Sanatçının, ateş ve kumaş ile ürettiği tekniği İran’da kültür kurumları tarafından teyit edildi ve UNESCO’ya gönderilmek için seçildi. Saadi’yle, tekniğine, sanatına ve yaşamına ilişkin merak edilenleri konuştuk

İstanbul Beşiktaş’taki Art Parisa Galeri, İranlı sanatçı Ahad Saadi’nin, ‘MEHR’ başlıkı sergisine ev sahipliği yapıyor. Ünlü sanatçı kendi oluşturduğu tekiğinde, boya ve fırça kullanmadan renkli kumaşları birbirinin üzerinde yakarak tablolar ve üç boyutlu eserler yaratıyor. ‘Azarnegari’ adını verdiği tekniği, İran’ın başkenti Tahran Milli Kültür Bakanlığı uzmanlarının onayıyla teyit edilmiş ve yeni tarz olarak tanınmış, İran Milli Değerli Eserler Kurumu’nda resmi eser kaydına geçmiştir. Teknik, Tahran’da Milli Kayıt ve Tahran UNESCO Kurumu Başkanlığı tarafından, Fransa UNESCO kurumuna gönderilmek üzere kayıt için seçilmiştir. Sergide Saadi, eserlerini üç ana başlık altında topluyor. İlki İran’ın eski kültüründen olan desenlerinden ilham alınarak modern bir şekilde tasarlanmış minyatür ve tezhip çalışmaları, ikincisi kaligrafi ve modern hat çalışmaları, üçüncü olarak ise son yıllarda ağırlık verdiği üç boyutlu eserleridir. Saadi, 24 Şubat’a kadar görülebilecek serginin merak edilenlerini Aydınlık’a anlattı.

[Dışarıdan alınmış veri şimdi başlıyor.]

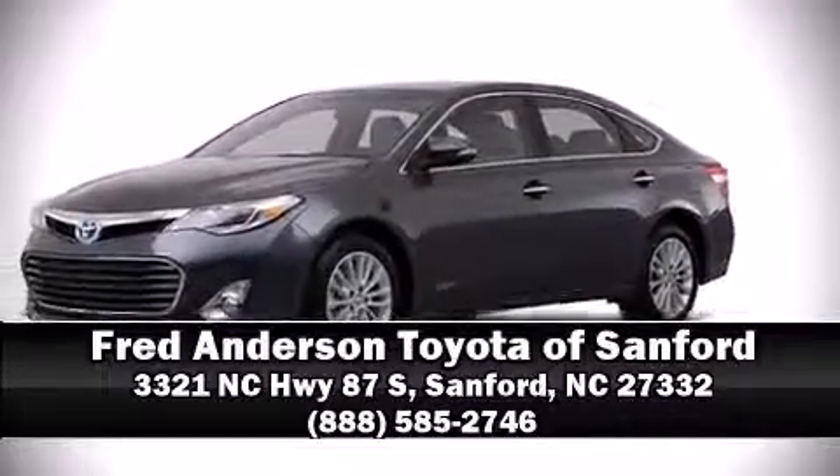Our sales reps are extremely helpful and knowledgeable. Please don't hesitate to give us a call.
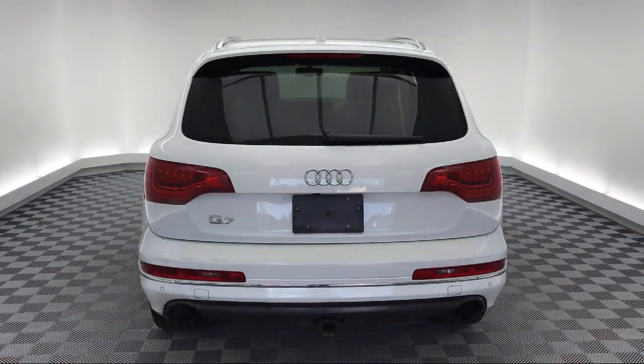So come see us today and drive home in a vehicle that's just right for you. We are located at 5001 US 278 in Hardyville.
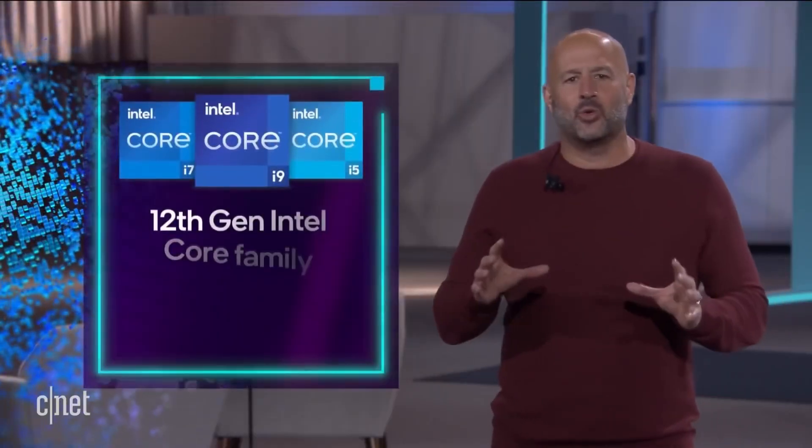Then we got M1 Pro and M1 Max, and it just took the game to an entirely new level. But is the reign of Apple silicon already over? Intel has directly put their new chip in contention with the M1 Max — not the M1 Pro, but the best chip Apple has to offer. But like I said, there's a catch.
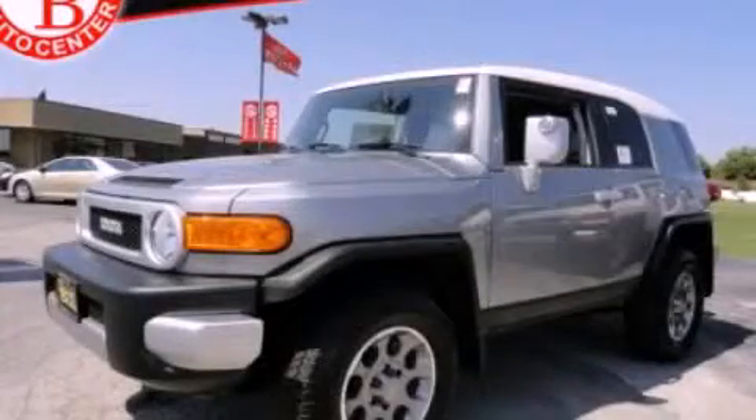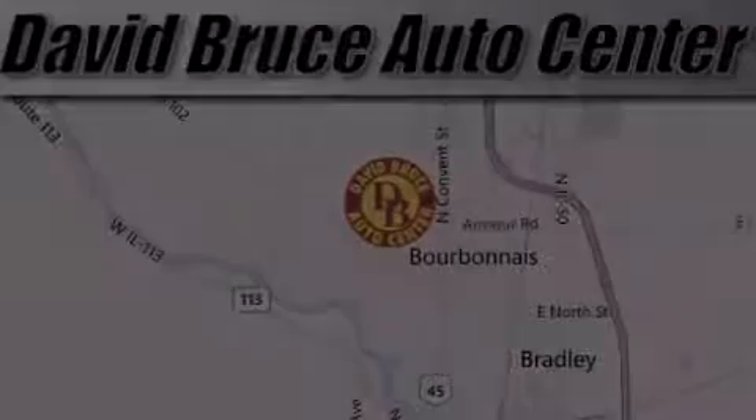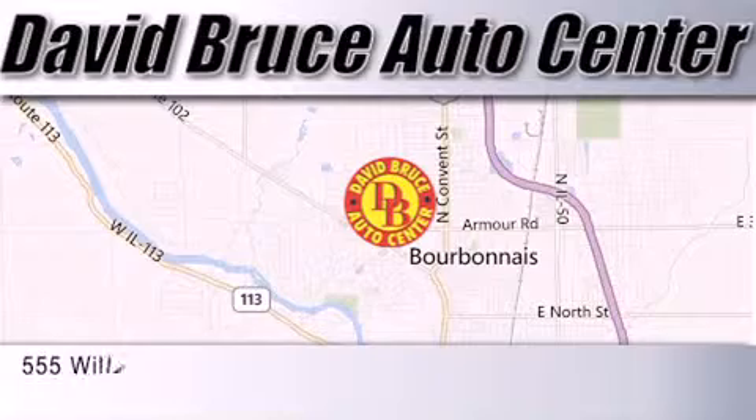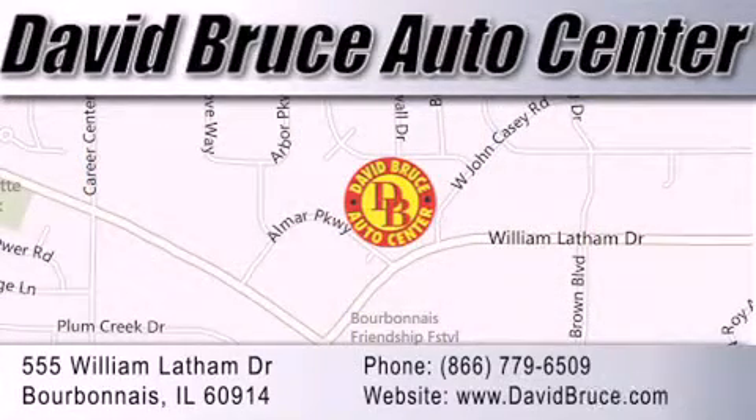This automobile won't last long at this price. Call and arrange a test drive now. David Bruce Auto Center is located at 555 William Latham Drive in Bourbon. Our goal is to exceed all of your expectations to ensure that you'll return for future visits.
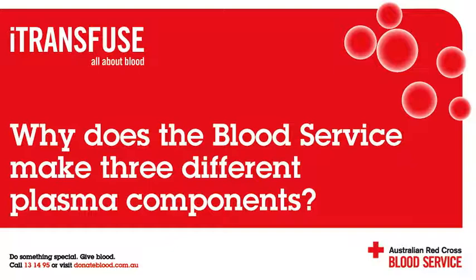Larger hospitals that regularly deal with trauma thaw FFP in advance. In case of urgent need, a hospital laboratory can thaw FFP in several water baths at the same time.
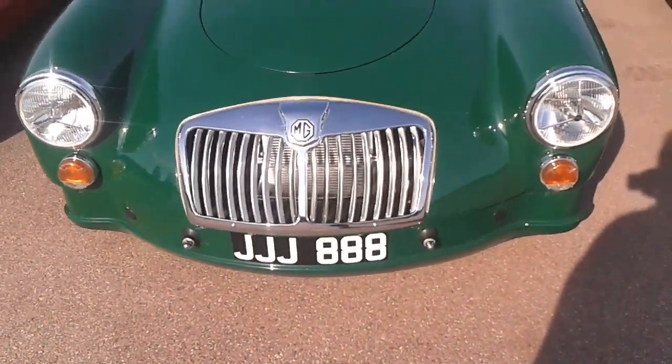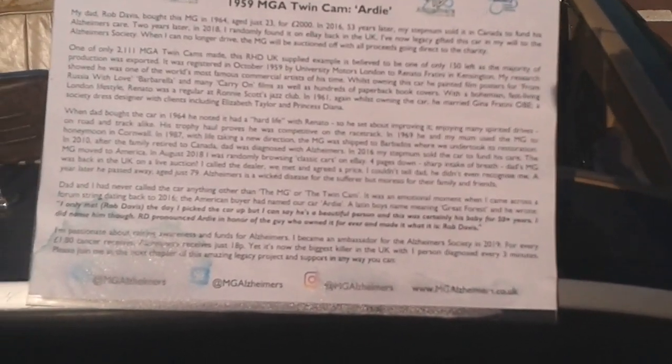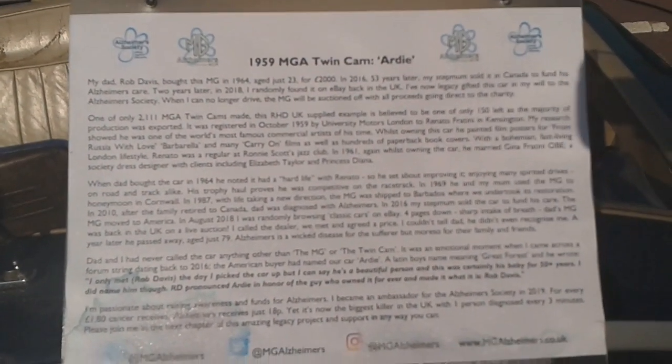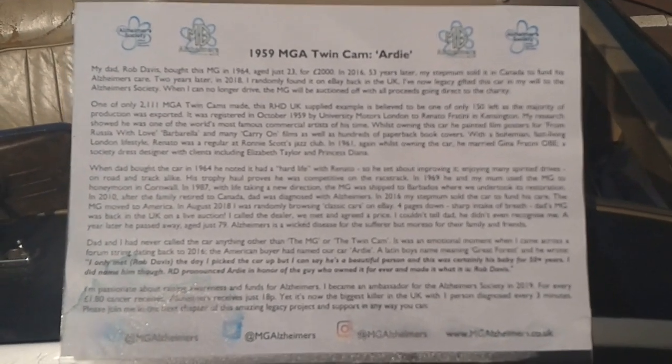There's the number plate. I'll point that there — hopefully you can read it. If you want to freeze the screen, you can read that, hopefully.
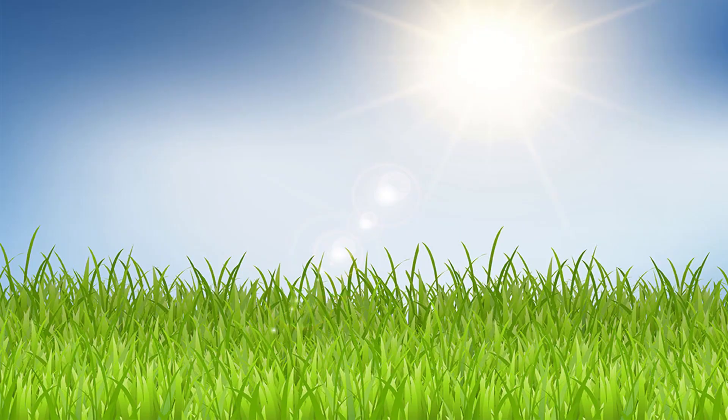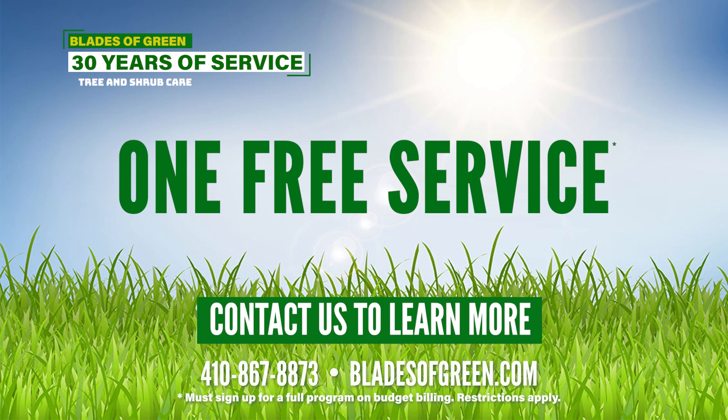Whether you need a one-time treatment or a full program, check out our website, blazergreen.com, or give us a call and we'll be able to help you out.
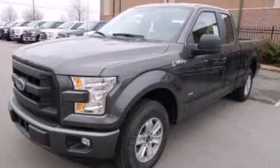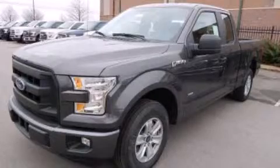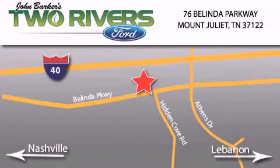Contact us today and schedule your opportunity to see this vehicle in person. Two Rivers Ford is located at 76 Belinda Parkway, I-40 exit 226 Mount Juliet Road at Providence. Our goal is to exceed all of your expectations to ensure that you'll return for future visits.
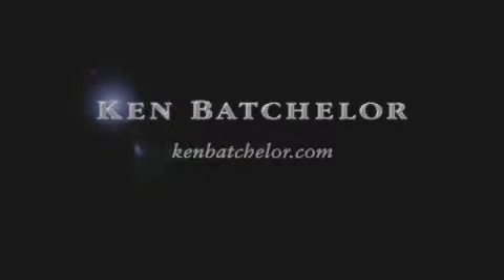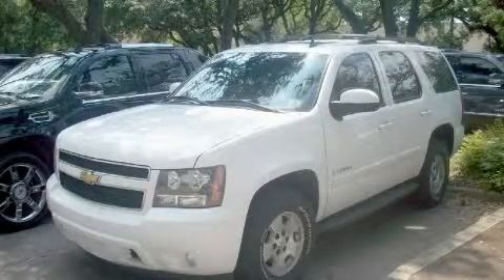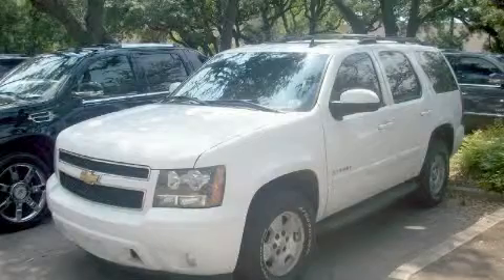Ken Batchelor, obsessed with service for over 30 years. This is a 2007 Chevrolet Tahoe, a vehicle with safety, comfort, and space.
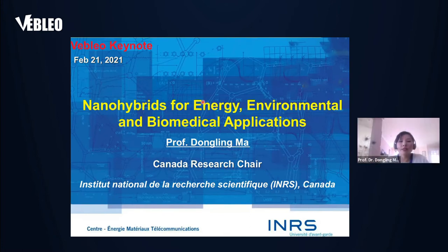I'm Professor Dongling Mai, Head of Canada Research Chair, and today I'm very pleased to give this keynote speech on nanohybrids for energy, environmental, and biomedical applications.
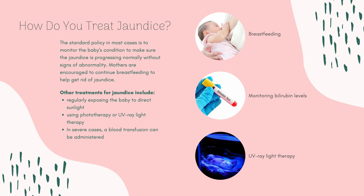Other treatments for jaundice may include regularly exposing the baby to direct sunlight, using phototherapy or UV-ray light therapy, or in severe cases, a blood transfusion can be administered.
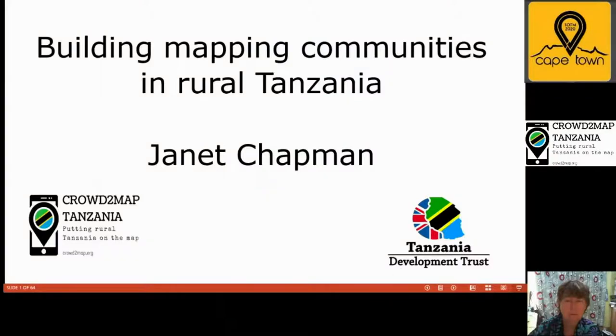As a reminder, if you have any questions during this session, feel free to add those on the session pad, and we'll be able to answer all these questions at the end. So without further delay, Janet Chapman from Crowd2Map Tanzania, talking today about building mapping communities in rural Tanzania.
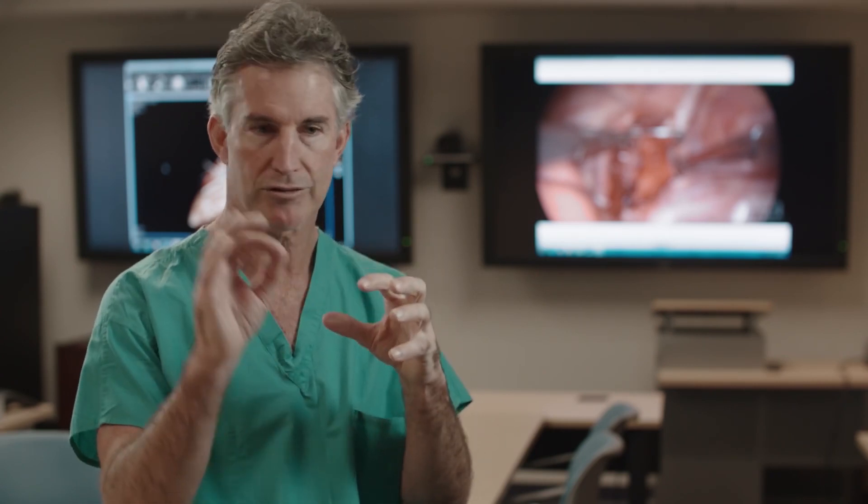Show them the level of sophistication that you have. Show them what you're capable of. A 3D printed heart, accurate to the most minute detail, has been the difference maker for me. It's helped me take somebody from being inoperable to operable, and we've saved their life.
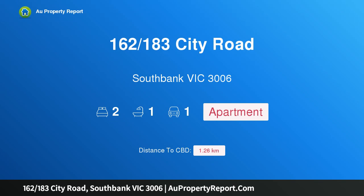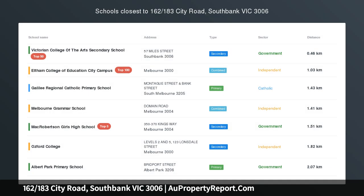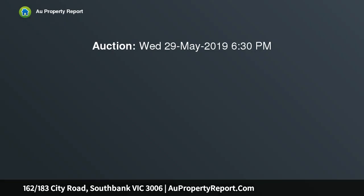I am glad to introduce property 162/183 City Road, Southbank VIC 3006 — a spacious apartment in the heart of Southbank. It features a relaxed and spacious floor plan with a balcony overlooking the cityscape, two matching bedrooms with impressive floor-to-ceiling glass windows.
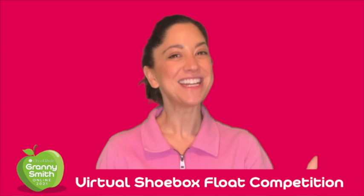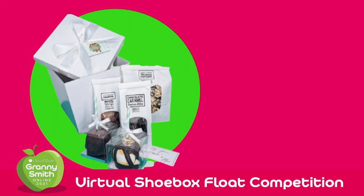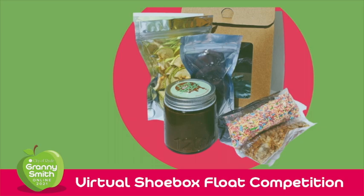You're a winner just for entering, however City of Ryde are offering prize packs for a few select entries. First place from each category will receive a $100 any-store gift card, a deluxe best-selling box from Love Dem Apples valued at $40 — I've already sampled the caramel popcorn — a DIY caramel apple kit from Love Dem Apples valued at $20, and a Granny Smith Festival branded bag, sunglasses and hat.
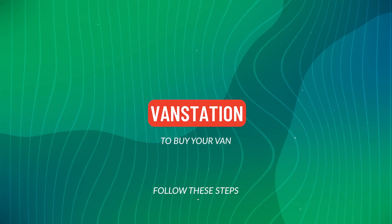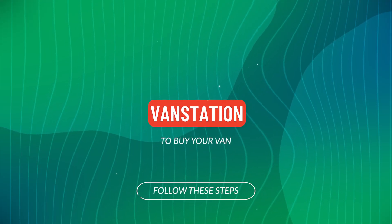Features: electric windows. EU status: Euro 4. HPI clear. Click the link in the description for pictures and more info. Alternatively, call or WhatsApp us on 0740.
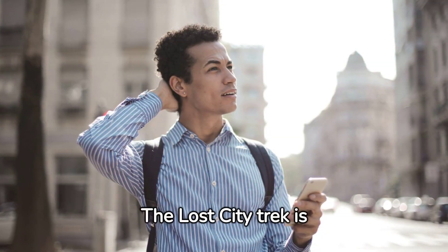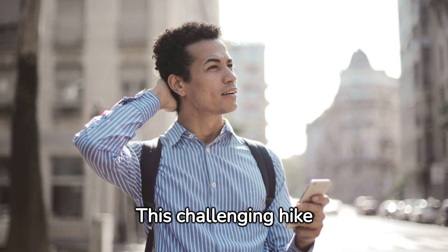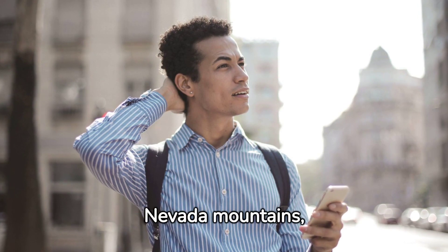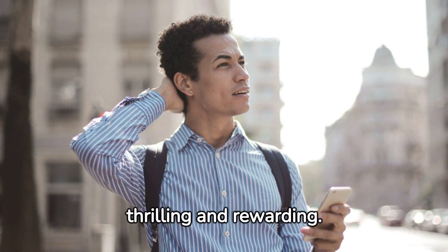The Lost City Trek is another unforgettable experience. This challenging hike takes you to an ancient city hidden deep in the Sierra Nevada mountains, offering an adventure that's equally thrilling and rewarding.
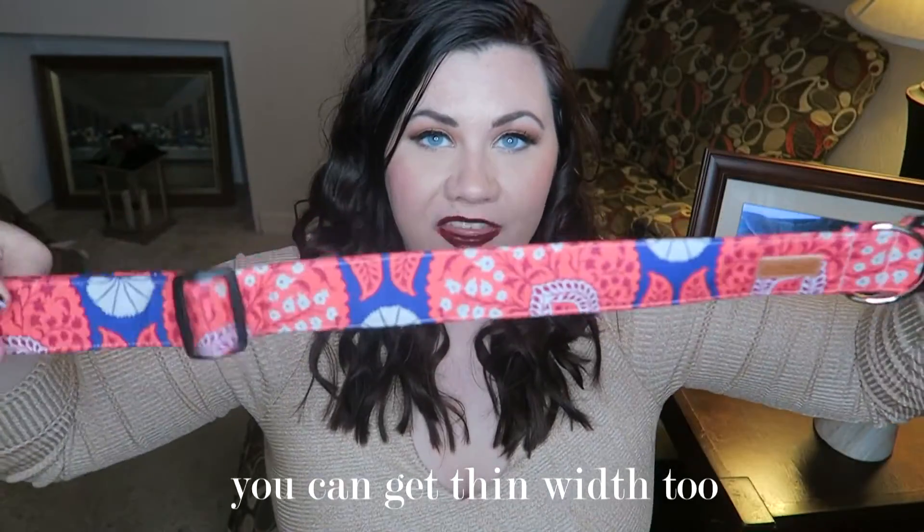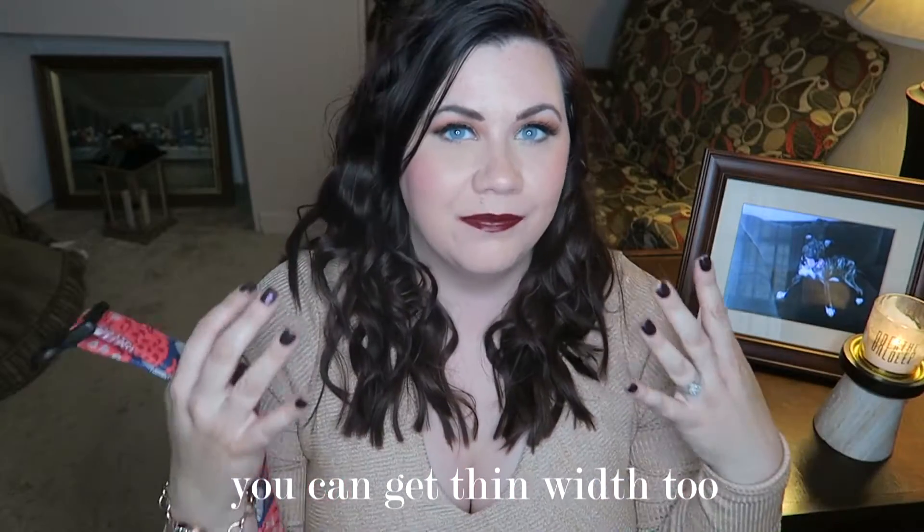I have a whole bunch of these and I like that you can get these collars in the thicker width, because some of my dogs have bigger necks. So that's why I like to get the thicker collars.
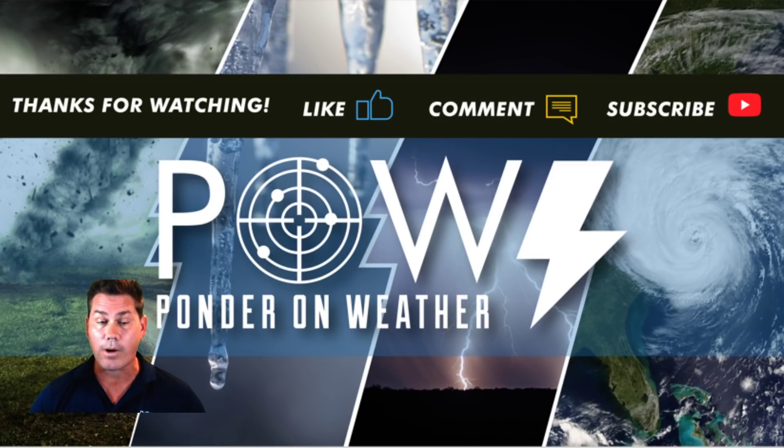I appreciate you watching this video. If you did like it, please like it, leave your comments below, and definitely subscribe to my channel where I keep you ahead of the storm.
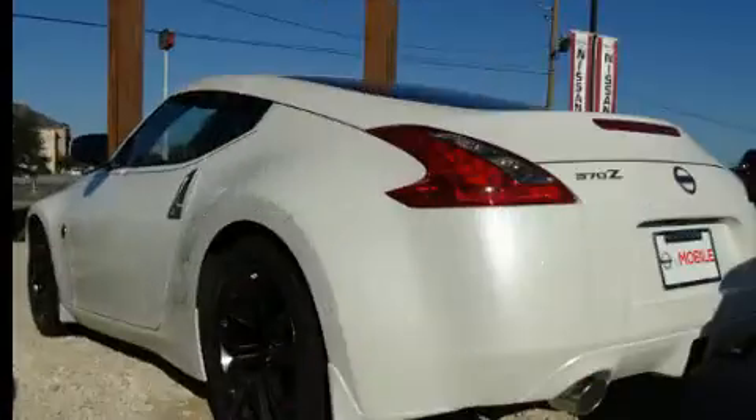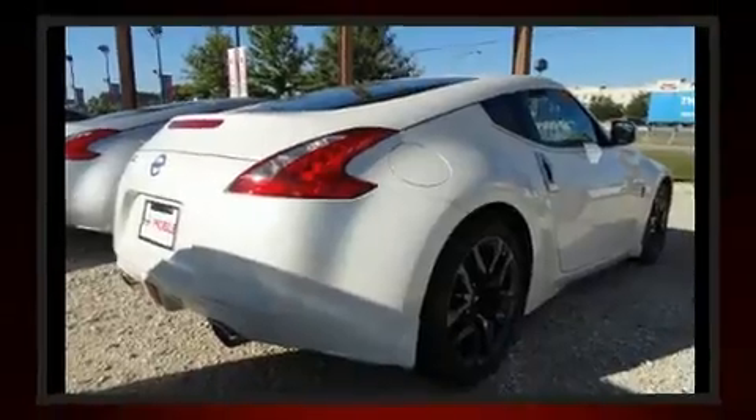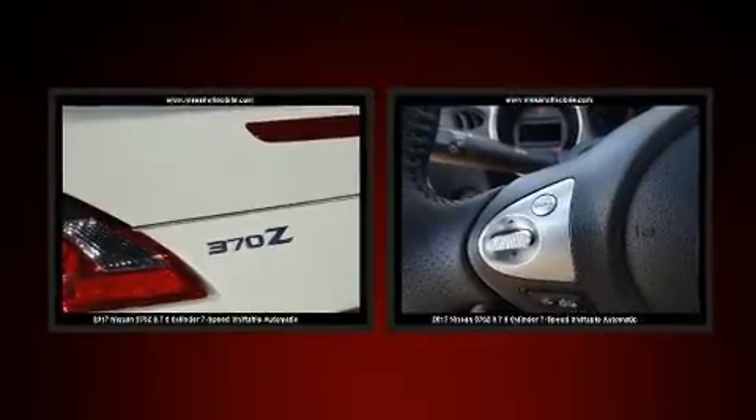Nissan infused the interior with top-shelf amenities such as variably intermittent wipers, a leather steering wheel, and remote keyless entry. With high-intensity discharge headlights illuminating your path, you'll always appreciate maximum visibility.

Sanatçı olarak kendinizi nasıl tanımlarsınız?

Bana göre bir sanatçının, sanatçı olabilmesi için kalem yeteneği tek başına yeterli değildir. En önemlisi sanatçı bir felsefe taşımalıdır. Günümüz modern yaşamında yeni fikirler üretmeksizin kurulu düzene itaat etmeniz beklenir. Ama sanatçı özgürdür, tek başınadır. Bu yüzden içinde her zaman bir filozof tohumu barındırır. İşte o tohumu yetiştirenler asıl sanatçı olur ve içten zenginleşmeyi başaran sanatçılar günün sonunda dünyayı değiştirmeye başlarlar. Benim sanatımla vermek istediğim en büyük mesaj ve eserlerimin ana teması her zaman için sevgi, aşk, barış olmuştur. Bir sanat eseri bazen görenleri ağlatacak kadar duygu barındırabiliyor. İnsanlar senin vermek istediğin mesajı aldığında o duygusallığı yakalayabiliyor. O yüzden eserlerimin her zaman bir mesaj taşımasını önemsemişimdir. Ve karşılığını bu şekilde gördüğümde bu mesajı yansıtabildiğim için kendimi çok mutlu hissediyorum.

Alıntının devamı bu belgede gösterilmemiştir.